Весть о кончине Вильгельма Завоевателя распространилась повсюду, и герцогство Нормандское пришло в волнение. Вильгельм Рыжий, получив это известие, тут же поднял парус и направился к противоположному берегу Ла-Манша. Те, кто жил в ожидании удобного случая для мятежа, тоже не стали мешкать. Роберт де Беллем изгнал из Алансона королевских представителей, и многие последовали его примеру. Другие предпочли окопаться в собственных замках. Весть, передаваемая из уст в уста, вышла за пределы Франции, перевалила через Альпы и достигла Калабрии, куда только что прибыли, возвращаясь с Востока, люди, которым было поручено доставить в Нормандию останки Роберта Великолепного. Охваченные ужасом, они разбежались, неведомо где бросив свой бесценный груз...
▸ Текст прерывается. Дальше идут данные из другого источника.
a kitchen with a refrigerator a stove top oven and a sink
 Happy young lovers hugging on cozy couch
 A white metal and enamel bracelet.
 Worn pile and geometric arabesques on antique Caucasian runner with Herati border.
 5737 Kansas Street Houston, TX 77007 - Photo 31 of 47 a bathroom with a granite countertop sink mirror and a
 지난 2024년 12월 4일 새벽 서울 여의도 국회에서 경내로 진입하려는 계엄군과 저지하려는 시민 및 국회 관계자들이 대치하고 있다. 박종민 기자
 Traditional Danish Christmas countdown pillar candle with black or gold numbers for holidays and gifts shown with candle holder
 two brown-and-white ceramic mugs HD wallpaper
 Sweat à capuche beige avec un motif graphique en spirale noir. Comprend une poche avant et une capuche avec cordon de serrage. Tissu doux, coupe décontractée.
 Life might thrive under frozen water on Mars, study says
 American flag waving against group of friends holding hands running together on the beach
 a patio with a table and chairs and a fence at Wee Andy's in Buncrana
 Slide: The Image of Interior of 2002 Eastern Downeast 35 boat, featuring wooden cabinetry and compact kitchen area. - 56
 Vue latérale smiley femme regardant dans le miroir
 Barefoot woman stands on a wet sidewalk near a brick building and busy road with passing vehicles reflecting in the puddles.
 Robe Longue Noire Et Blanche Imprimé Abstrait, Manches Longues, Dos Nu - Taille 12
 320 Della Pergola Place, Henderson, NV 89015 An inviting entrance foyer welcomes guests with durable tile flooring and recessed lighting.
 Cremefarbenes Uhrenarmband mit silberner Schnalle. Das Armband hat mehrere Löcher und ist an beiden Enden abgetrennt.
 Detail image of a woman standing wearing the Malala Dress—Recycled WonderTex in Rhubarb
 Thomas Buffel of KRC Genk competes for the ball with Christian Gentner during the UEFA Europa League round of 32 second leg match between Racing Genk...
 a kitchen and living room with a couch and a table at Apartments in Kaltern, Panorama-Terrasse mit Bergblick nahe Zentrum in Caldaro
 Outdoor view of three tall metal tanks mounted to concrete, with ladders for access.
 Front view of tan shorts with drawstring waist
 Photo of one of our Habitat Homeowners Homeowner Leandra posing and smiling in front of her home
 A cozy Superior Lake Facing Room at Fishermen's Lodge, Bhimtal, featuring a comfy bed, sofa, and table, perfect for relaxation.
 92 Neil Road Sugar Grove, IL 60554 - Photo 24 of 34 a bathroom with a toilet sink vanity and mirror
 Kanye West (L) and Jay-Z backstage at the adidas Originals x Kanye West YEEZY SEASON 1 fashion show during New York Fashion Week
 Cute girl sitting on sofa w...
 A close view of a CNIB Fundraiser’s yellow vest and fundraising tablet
А между тем другие останки медленно приближались к Кану. На некотором расстоянии от города образовалась процессия из монахов и церковных служек с колокольчиками. Крестьяне, горожане и рыцари стекались со всех сторон, чтобы проводить в последний путь того, кто на протяжении полувека был их государем. Но вдруг сверкнула молния, и страшный раскат грома заглушил голоса клириков, нараспев читавших «Избави меня от греха». Над городом взметнулись языки пламени. Пожар сразу же охватил множество домов. Толпа ринулась в город, позабыв о покойном, при котором, словно простом бедняке, остались только монахи аббатства Святого Стефана.
Погребальная церемония собрала все высшее духовенство Нормандии, включая и Одо из Байё, наконец-то обретшего свободу. На хорах церкви соорудили каменный саркофаг. Перед открытой могилой, в которой должен был упокоиться Вильгельм Завоеватель, епископ Лизьё произносил в его честь похвальное слово, как вдруг пространство церкви огласилось яростным криком. Нарушителем порядка был житель Кана, некий Асселен. Церемонию пришлось прервать. Невзирая ни на обстоятельства места и времени, ни на собравшееся духовенство, Асселен заявлял о своих правах: место, выбранное для погребения короля, еще до основания монастыря Святого Стефана принадлежало его отцу; герцог Вильгельм забрал его, чтобы подарить монахам, а он, Асселен, до сих пор еще не получил причитающуюся плату! Он кричал, призывая в свидетели самого покойника, требовал правосудия. Поднявшаяся в церкви суматоха заглушала голоса. Чтобы заткнуть рот смутьяну, ему тут же отсчитали 60 стерлингов.